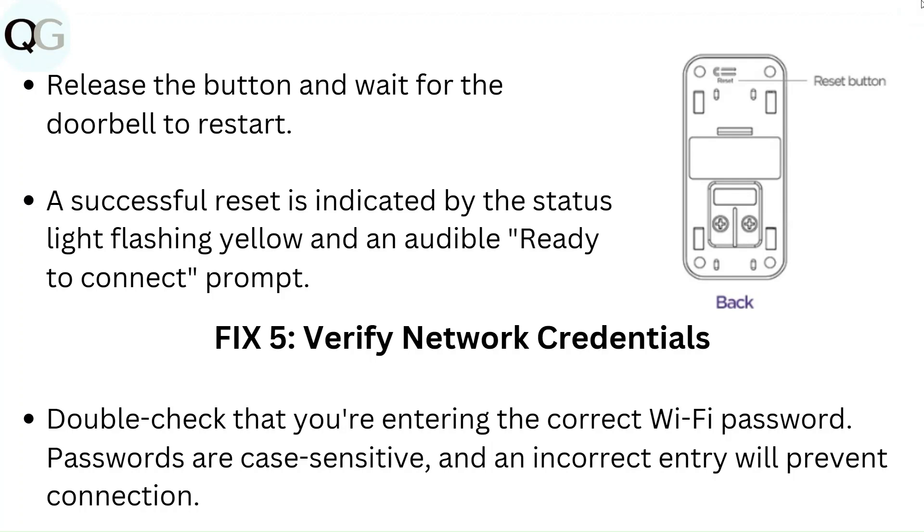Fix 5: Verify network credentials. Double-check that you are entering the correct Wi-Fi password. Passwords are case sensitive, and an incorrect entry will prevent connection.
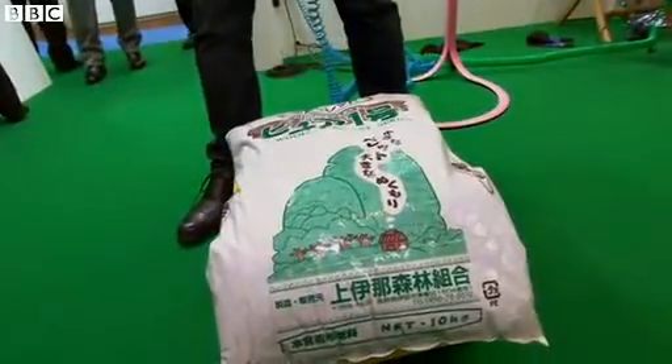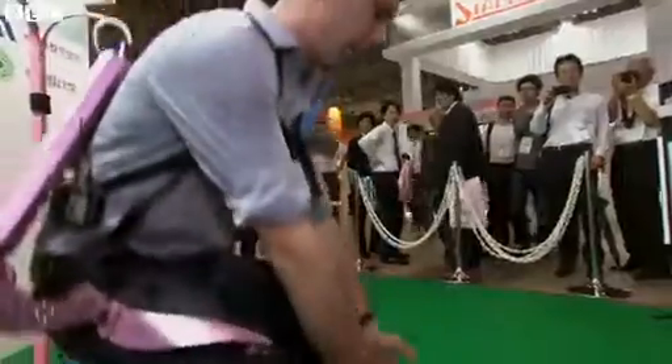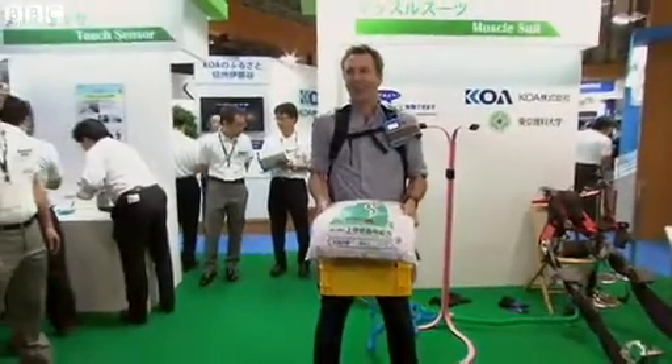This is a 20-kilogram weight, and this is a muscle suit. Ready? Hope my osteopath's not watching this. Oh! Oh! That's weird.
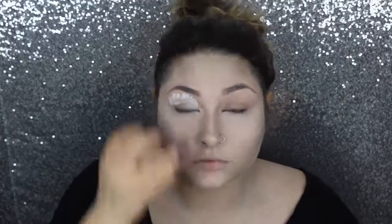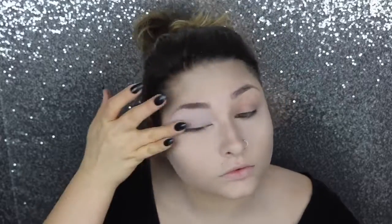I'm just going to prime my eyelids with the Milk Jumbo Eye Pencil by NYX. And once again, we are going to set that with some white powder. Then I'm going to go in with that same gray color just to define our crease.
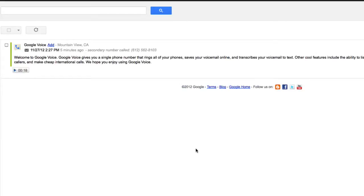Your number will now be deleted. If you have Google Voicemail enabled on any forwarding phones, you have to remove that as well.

-----

Assigned task.
Beginning with the line that contains "I'm just going" and ending with the last line of the data, restate each line word for word. Exclude the pictures.

Your response.
I'm just going to prime my eyelids with the Milk Jumbo Eye Pencil by NYX. And once again, we are going to set that with some white powder. Then I'm going to go in with that same gray color just to define our crease.
Your number will now be deleted. If you have Google Voicemail enabled on any forwarding phones, you have to remove that as well.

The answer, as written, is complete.